■ **Your assignment**: Once you find the line with "I start by duct", output it and every line after it exactly, through the last line of the listing, but no pictures.

■ **Material provided**:
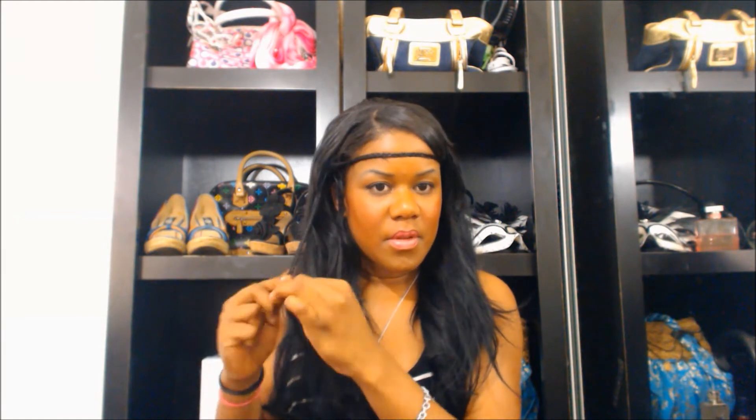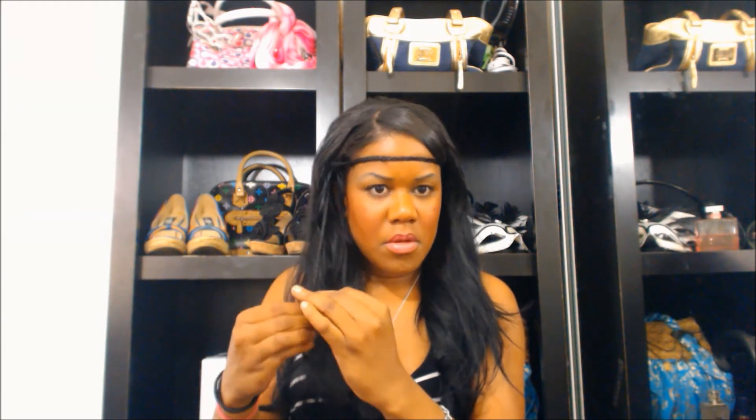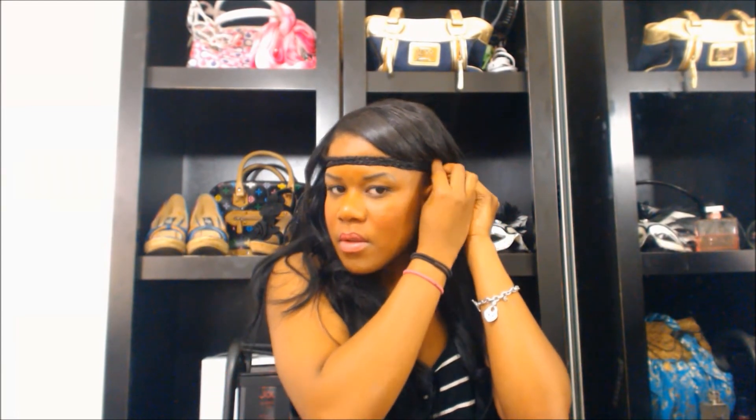Now I'm taking another chunk of hair because I want to do this with two braids, and I am just braiding another strand of hair just like I did in the beginning of the video. This is definitely optional. Now I'm just checking to see where I want it, just like I did with the other braid, and I am taking a bobby pin and placing it on the other side to secure it.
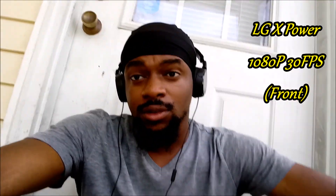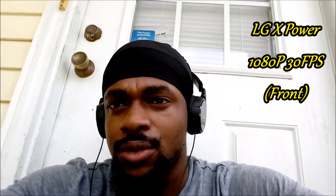This is another front-facing video test of the LG X-Power, recording in 1080p. Just let me know what you think here. I've got the stocking cap on with the headphones — that's the mic I'm using to record, as you can see.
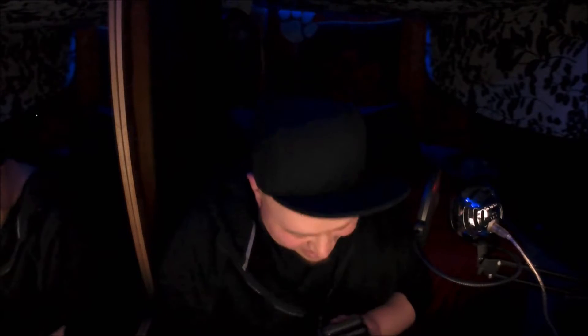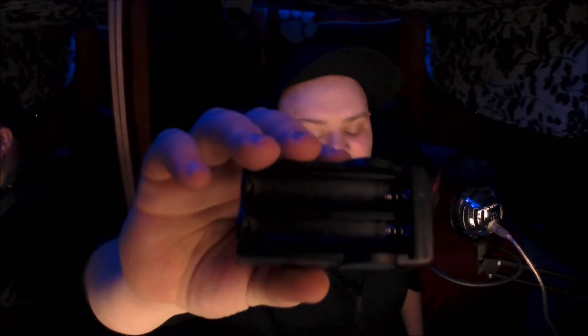I don't know if you guys can read this — this is the Chinese translation. Probably can't see it, but on the inside it says 'forbids to invert,' so they forbid inverting the batteries, which is probably a good idea. So be very wary of that — very easily done.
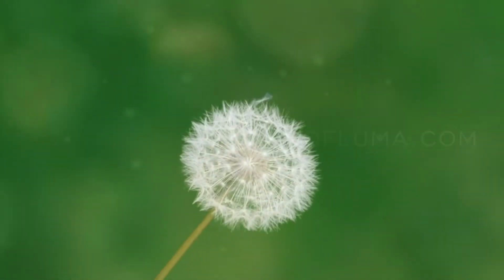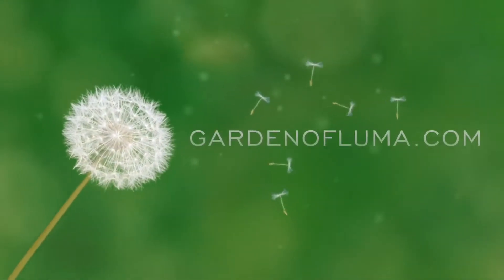Hello and welcome to Garden of Luma, where I provide tips for growing edibles in hot climates. Joe here — if you're new to this channel, please subscribe. In today's video I'm going to show you guys my Jujube tree. This is a Sherwood Jujube tree, and Jujubes do really well here in the Phoenix, Arizona area.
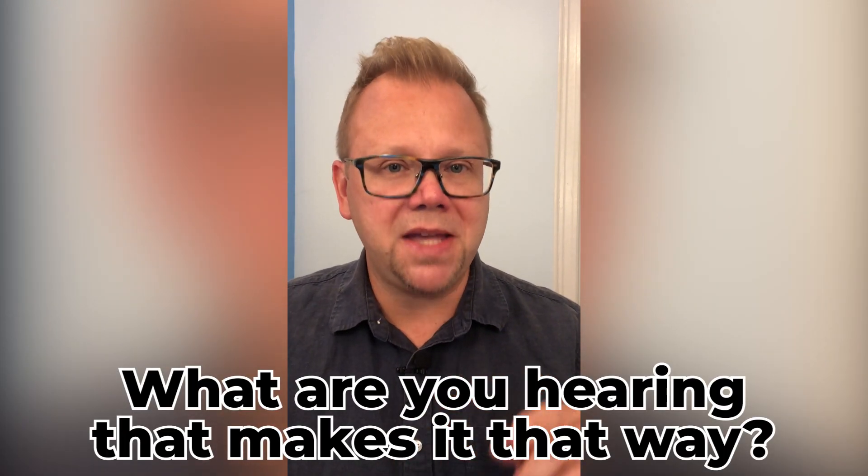Now if you have one to a few words that describes the mood, let's listen again for more detail. The next question is: what are you hearing that makes it that way?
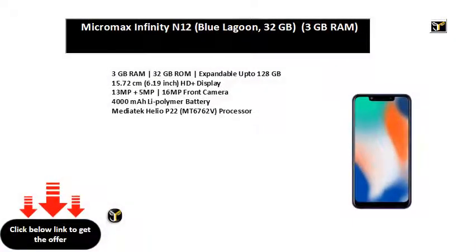3 GB RAM, 32 GB ROM, expandable up to 128 GB, 15.72 cm HD Plus Display. 13 MP plus 5 MP rear camera, 16 MP front camera. 4000 mAh Li-polymer battery. MediaTek Helio P22 processor.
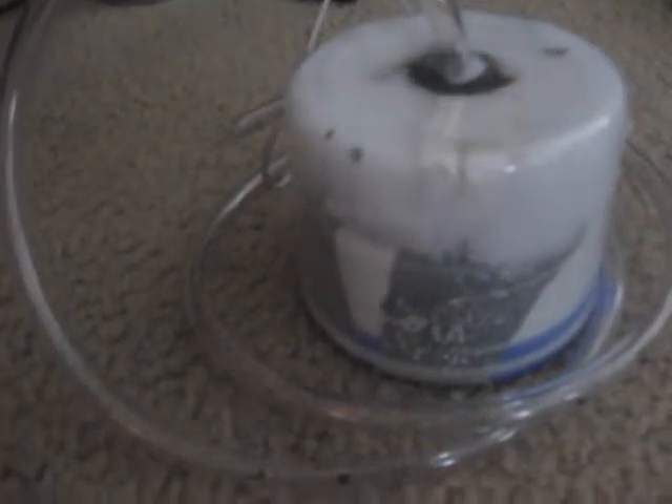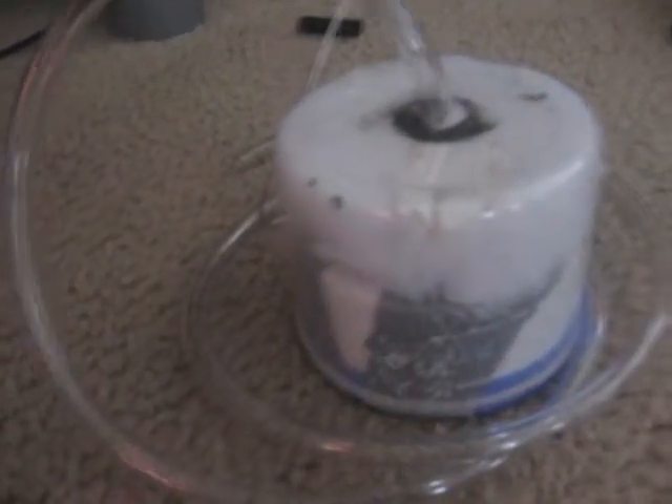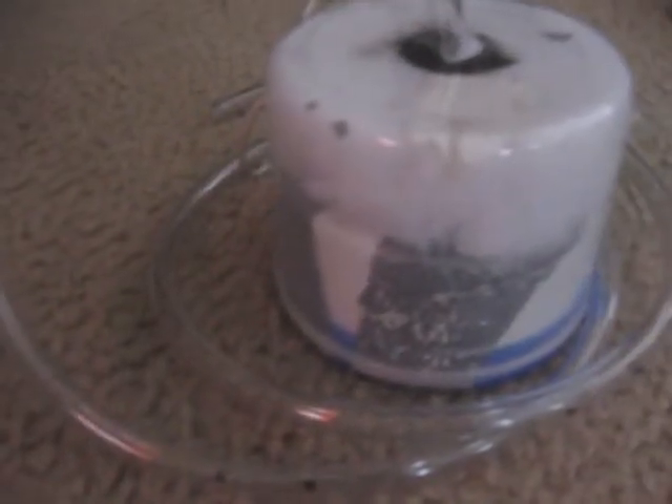I start by duct taping the speaker inside the PVC cap and I push it inside the bottom of the container cap to seal the cap.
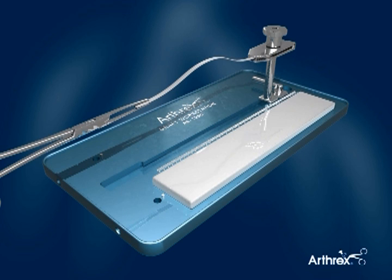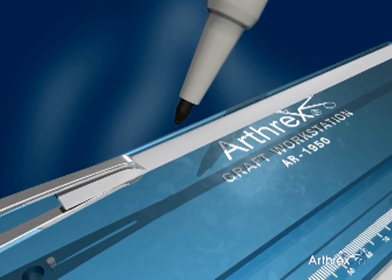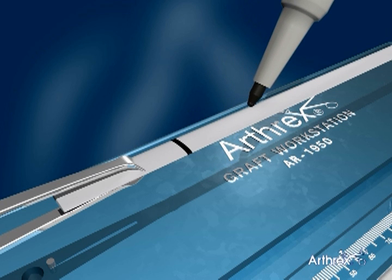Several graft mounting methods have been described and utilized with success. In this illustration, one end of the soft tissue graft is fixed into the Arthrex graft workstation clamp. The free end is held with an Alice clamp and marks are placed corresponding to the limits of the sutured zone.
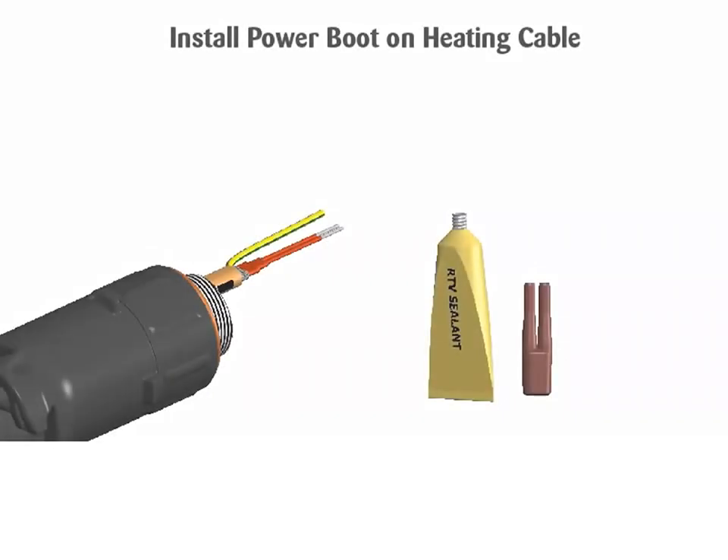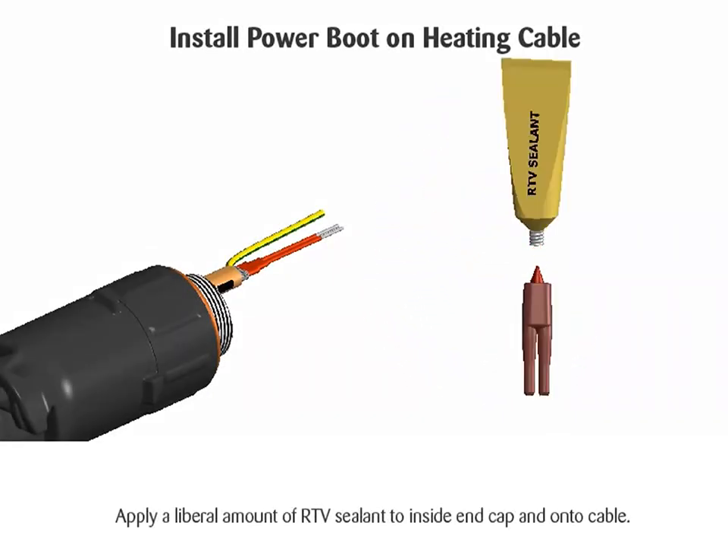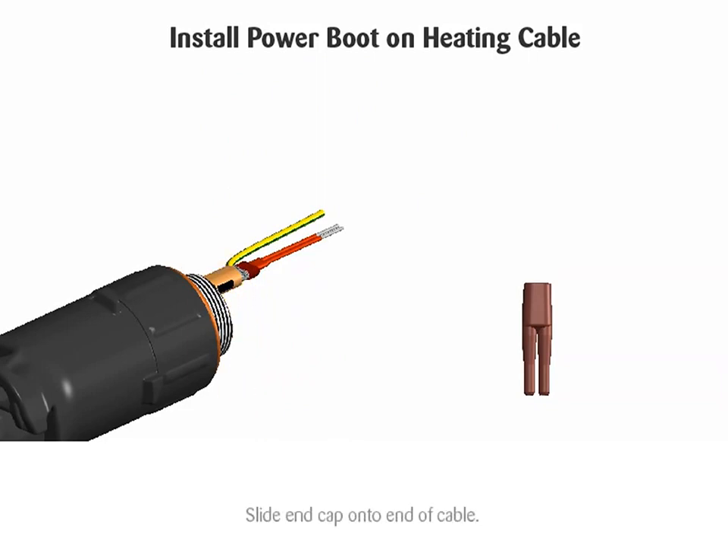Install power boot on heating cable. Apply a liberal amount of RTV sealant to inside of end cap and onto cable. Slide end cap onto end of cable.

■ **Response to this task**:
I start by duct taping the speaker inside the PVC cap and I push it inside the bottom of the container cap to seal the cap.
Several graft mounting methods have been described and utilized with success. In this illustration, one end of the soft tissue graft is fixed into the Arthrex graft workstation clamp. The free end is held with an Alice clamp and marks are placed corresponding to the limits of the sutured zone.
Install power boot on heating cable. Apply a liberal amount of RTV sealant to inside of end cap and onto cable. Slide end cap onto end of cable.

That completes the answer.